Afirmando que, no encontro que teve com pessoas abusadas em Bruxelas, sentiu "o sofrimento", Francisco sublinhou que na Igreja "não há lugar para abusos, nem para encobrir abusos", recebendo aplausos dos fiéis. "Pensamos no que acontece quando os mais pequenos são feridos, maltratados por aqueles que deveriam cuidar deles, nas feridas da dor e da impotência, em primeiro lugar das vítimas, mas também das suas famílias e da comunidade", acrescentou o Papa.
E prosseguiu: "Com a minha mente e o meu coração, volto às histórias de alguns destes pequeninos que encontrei anteontem [sexta-feira]. Escutei-os, senti o seu sofrimento de abusados e repito-o aqui: na Igreja há lugar para todos, para todos, mas todos serão julgados e não há lugar para abusos, não há lugar para encobrir o abuso".
Neste duro discurso na Bélgica, país que está ainda a ressentir-se das centenas de casos de menores abusados por membros da Igreja, Francisco afirmou que "o mal não pode ser escondido", mas deve antes "ser trazido à luz, deve ser conhecido, como alguns abusadores fizeram, e com coragem". "E que o abusador seja julgado, quer seja um leigo, uma leiga, um padre ou um bispo: que seja julgado", acrescentou o Papa, que recebeu 17 vítimas belgas na nunciatura.
Ao amanhecer, com bandeiras belgas e do Vaticano, cerca de 35 mil fiéis ocuparam os seus lugares no estádio Rei Balduíno, onde o Papa argentino chegou pouco antes das 9h45 (8h45 em Portugal). O pontífice de 87 anos deu uma volta pelo estádio no seu "Papamóvel", aplaudido pelos fiéis que se juntaram aos gritos ao som da música retumbante dos órgãos.
Durante a sua visita de três dias, a primeira de um Papa à Bélgica desde João Paulo II em 1995, Francisco foi questionado sobre a crise de violência sexual contra menores, o acolhimento dado às pessoas LGBT+ e o lugar das mulheres na Igreja, temas que evidenciaram as elevadas expectativas dos católicos belgas em relação a uma doutrina que alguns consideram demasiado antiquada.
No sábado, a sua resposta sobre o lugar das mulheres provocou alguma deceção e incompreensão no seio da Universidade Católica francófona de Louvain-la-Neuve (UCL), uma das universidades católicas mais famosas da Europa, que, num comunicado de imprensa, criticou a "posição redutora" das opiniões que o Papa reiterou sobre as mulheres e o aborto.
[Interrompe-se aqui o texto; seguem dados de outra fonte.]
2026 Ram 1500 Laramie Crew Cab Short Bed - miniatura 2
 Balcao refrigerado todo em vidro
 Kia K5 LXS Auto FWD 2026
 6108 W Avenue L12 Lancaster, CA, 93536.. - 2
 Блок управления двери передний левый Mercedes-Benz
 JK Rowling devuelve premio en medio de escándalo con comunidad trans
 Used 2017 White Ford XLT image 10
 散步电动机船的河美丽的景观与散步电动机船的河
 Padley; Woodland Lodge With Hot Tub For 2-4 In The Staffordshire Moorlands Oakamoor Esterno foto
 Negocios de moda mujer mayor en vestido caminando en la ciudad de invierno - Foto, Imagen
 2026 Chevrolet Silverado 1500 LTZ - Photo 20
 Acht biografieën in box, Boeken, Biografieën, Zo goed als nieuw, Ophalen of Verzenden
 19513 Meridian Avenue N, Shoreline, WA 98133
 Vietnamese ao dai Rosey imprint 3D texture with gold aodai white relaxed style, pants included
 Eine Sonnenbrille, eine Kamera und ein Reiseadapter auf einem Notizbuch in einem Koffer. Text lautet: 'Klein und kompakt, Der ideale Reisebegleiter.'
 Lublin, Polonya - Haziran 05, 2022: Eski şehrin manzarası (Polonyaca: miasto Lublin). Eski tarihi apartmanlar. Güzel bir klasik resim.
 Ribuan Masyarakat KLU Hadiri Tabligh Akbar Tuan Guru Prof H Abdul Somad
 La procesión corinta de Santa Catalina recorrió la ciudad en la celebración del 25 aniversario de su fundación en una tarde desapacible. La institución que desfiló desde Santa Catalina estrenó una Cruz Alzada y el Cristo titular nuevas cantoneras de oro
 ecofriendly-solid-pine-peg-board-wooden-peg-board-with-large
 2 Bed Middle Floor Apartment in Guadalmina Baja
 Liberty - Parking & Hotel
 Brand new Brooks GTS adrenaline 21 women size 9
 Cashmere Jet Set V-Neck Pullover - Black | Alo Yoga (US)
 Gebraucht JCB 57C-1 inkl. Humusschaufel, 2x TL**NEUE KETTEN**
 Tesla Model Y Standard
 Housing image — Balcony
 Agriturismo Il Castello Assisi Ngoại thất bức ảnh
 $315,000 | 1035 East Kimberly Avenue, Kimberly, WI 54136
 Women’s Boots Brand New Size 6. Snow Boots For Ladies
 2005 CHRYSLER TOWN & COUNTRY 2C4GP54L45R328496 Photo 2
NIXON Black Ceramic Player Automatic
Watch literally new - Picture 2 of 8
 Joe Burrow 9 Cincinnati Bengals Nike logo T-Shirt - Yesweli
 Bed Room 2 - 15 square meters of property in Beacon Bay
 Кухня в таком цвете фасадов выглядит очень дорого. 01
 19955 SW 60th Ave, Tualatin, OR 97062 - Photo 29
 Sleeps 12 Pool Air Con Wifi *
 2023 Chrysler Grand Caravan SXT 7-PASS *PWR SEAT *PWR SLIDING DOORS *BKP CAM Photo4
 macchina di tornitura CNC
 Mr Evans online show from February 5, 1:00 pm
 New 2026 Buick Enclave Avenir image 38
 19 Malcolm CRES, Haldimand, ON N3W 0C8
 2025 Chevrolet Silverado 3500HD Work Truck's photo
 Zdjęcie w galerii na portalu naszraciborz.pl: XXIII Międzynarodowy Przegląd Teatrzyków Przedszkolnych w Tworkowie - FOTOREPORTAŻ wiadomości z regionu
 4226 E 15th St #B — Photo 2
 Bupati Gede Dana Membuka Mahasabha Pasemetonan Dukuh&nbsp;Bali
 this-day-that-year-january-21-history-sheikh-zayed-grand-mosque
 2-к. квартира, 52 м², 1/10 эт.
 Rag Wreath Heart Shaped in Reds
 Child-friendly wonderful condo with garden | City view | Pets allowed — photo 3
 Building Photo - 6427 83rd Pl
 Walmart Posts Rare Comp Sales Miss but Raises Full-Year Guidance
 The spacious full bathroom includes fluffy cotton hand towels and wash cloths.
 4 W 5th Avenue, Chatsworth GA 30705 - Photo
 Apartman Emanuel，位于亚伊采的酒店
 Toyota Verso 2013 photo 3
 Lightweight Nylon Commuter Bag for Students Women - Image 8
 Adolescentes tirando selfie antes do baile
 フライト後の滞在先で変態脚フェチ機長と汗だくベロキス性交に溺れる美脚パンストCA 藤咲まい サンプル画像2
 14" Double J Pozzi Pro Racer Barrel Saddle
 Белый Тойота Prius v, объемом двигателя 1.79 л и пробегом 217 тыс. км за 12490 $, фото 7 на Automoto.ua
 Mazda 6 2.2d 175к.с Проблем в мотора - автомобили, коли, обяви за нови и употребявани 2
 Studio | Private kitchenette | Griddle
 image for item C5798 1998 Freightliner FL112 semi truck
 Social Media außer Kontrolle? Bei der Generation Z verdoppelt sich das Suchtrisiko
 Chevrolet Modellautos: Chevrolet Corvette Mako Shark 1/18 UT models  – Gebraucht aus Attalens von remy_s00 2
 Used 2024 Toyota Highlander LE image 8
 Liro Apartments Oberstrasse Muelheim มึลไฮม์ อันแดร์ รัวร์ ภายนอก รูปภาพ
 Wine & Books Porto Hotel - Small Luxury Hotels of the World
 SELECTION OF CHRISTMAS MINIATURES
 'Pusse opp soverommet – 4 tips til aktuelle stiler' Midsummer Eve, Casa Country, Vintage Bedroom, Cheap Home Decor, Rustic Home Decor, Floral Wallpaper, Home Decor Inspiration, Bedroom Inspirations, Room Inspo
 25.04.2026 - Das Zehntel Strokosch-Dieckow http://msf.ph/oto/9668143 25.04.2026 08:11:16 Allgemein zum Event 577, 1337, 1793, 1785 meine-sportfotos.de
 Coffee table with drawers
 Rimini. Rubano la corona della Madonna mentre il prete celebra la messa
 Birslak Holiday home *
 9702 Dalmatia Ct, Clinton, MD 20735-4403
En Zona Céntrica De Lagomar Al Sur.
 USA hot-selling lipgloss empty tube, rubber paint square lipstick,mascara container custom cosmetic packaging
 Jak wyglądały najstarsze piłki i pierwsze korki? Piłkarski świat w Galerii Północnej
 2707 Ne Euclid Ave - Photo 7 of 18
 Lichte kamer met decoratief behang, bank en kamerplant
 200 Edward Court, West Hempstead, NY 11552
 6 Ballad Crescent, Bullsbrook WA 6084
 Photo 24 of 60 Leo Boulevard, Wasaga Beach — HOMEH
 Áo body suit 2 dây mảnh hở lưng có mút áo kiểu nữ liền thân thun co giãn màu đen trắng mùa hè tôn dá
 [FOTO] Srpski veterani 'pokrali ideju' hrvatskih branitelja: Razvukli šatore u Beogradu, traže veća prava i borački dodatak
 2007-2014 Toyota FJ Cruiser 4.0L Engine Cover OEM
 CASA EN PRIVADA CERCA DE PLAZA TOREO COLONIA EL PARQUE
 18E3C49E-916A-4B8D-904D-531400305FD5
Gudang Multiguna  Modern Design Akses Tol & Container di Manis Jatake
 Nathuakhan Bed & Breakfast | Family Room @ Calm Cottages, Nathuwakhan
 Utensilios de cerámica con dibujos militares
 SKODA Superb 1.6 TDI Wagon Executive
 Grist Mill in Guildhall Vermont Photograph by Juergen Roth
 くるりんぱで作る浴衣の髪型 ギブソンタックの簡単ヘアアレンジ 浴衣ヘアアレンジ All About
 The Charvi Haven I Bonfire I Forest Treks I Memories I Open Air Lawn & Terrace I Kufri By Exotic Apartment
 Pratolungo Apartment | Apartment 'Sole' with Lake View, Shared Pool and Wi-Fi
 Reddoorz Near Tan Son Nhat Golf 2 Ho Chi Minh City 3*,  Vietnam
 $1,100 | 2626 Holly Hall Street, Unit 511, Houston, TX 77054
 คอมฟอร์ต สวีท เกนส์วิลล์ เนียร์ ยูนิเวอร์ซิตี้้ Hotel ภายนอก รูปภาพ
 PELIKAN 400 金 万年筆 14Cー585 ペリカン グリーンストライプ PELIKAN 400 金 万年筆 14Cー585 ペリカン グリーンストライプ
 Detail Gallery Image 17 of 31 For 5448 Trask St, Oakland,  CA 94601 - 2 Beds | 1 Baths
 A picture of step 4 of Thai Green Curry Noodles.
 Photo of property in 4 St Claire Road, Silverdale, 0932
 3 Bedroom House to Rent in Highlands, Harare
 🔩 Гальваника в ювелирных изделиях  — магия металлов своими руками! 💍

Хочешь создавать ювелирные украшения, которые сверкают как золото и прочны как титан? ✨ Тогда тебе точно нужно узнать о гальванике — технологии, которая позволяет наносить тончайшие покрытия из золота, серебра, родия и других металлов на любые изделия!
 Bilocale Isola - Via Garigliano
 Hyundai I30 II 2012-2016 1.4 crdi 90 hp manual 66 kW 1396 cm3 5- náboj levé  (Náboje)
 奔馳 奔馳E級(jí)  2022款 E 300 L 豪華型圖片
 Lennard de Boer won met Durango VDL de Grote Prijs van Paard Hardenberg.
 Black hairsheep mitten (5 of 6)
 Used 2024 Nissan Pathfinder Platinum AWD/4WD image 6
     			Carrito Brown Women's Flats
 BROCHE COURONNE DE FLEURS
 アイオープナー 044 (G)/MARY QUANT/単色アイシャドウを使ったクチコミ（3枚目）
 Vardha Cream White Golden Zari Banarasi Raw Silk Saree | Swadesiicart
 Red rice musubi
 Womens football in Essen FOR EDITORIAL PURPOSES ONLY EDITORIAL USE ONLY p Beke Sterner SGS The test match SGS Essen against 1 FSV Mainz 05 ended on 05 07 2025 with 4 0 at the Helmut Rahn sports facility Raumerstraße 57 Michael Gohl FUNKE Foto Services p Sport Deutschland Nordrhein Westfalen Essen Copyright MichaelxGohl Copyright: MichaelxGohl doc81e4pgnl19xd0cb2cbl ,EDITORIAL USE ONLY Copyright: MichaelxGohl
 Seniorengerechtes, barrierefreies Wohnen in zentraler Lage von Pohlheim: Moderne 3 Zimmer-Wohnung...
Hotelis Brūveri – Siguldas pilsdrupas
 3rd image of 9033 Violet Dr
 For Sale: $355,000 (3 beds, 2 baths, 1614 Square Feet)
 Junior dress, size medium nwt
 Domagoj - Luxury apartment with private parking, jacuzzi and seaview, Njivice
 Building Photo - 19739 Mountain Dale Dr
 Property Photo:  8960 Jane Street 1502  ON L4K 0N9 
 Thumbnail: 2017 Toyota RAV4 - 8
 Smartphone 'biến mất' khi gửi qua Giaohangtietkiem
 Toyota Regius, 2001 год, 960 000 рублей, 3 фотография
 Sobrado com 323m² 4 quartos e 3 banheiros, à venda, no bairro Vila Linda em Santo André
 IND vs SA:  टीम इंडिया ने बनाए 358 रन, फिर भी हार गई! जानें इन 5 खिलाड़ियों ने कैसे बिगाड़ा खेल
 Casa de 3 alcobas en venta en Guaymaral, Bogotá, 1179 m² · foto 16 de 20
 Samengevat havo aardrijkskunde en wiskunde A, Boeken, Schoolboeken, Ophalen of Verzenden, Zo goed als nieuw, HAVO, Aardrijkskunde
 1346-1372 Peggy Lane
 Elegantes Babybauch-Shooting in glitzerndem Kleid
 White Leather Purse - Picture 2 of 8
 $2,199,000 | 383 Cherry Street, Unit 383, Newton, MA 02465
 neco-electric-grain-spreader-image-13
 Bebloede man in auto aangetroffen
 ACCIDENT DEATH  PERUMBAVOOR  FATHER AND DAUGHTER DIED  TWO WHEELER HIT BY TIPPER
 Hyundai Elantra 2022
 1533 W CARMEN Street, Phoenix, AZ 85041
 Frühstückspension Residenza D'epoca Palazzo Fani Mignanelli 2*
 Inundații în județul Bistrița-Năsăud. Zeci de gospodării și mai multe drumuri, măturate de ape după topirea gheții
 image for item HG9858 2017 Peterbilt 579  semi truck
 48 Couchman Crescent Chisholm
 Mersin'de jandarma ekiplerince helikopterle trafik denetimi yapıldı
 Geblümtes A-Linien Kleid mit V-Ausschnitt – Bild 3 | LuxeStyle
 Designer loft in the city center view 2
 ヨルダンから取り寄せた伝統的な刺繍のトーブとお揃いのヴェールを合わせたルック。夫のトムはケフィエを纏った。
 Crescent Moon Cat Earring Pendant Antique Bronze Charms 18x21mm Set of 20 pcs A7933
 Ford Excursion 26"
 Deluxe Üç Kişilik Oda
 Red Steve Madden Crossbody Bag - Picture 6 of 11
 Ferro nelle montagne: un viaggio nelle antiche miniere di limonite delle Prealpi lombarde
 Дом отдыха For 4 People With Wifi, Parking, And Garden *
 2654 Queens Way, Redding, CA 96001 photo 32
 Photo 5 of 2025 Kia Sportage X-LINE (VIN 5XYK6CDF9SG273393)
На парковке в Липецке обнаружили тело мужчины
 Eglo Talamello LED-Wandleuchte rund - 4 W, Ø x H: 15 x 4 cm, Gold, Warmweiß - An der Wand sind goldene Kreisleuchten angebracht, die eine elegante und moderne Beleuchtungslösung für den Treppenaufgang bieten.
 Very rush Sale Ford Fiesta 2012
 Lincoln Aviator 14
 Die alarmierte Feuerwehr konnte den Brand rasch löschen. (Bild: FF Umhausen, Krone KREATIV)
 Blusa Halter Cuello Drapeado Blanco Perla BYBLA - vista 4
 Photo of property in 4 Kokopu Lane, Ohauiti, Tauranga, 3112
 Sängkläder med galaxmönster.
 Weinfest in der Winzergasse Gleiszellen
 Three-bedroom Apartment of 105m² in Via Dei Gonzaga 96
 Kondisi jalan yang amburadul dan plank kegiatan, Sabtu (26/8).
A homilia de hoje foi celebrada no estádio que tem o nome do Rei Balduíno, que Francisco elogiou por ter abdicado por um dia, em 1990, em vez de dar o seu aval a um projeto de lei aprovado pelo parlamento que legalizava o aborto. A visita não programada de Francisco para rezar no túmulo do rei e a declaração de que a legislação era "homicida" foram alguns dos vários gestos que, num país outrora fortemente católico, enervaram os seus jovens secularizados, muitos dos quais se afastaram da fé.
Ainda assim, o estádio - que tinha uma capacidade de 37 mil pessoas para a missa - estava quase cheio para a homilia e a multidão vibrou quando Francisco chegou no seu "Papamóvel" e parou para beijar os bebés que lhe foram entregues.
Apelo ao cessar-fogo no Líbano
Na mensagem do Angelus, após a missa que celebrou em Bruxelas, o Papa Francisco apelou a um cessar-fogo imediato no Líbano e condenou a guerra no Médio Oriente, com "efeitos devastadores" para a população. "Acompanho com dor e preocupação o prolongamento e a intensificação do conflito no Líbano. Demasiadas pessoas continuam a morrer todos os dias no Médio Oriente", condenou o Papa.
Francisco apelou "a todas as partes para um cessar-fogo imediato no Líbano, em Gaza, no resto da Palestina, em Israel, para que os reféns sejam libertados e para que a ajuda humanitária seja autorizada".
O exército israelita continua a bombardear intensamente várias zonas do Líbano, depois de no sábado ter sido confirmada a morte do líder do grupo xiita Hezbollah, Hassan Nasrallah.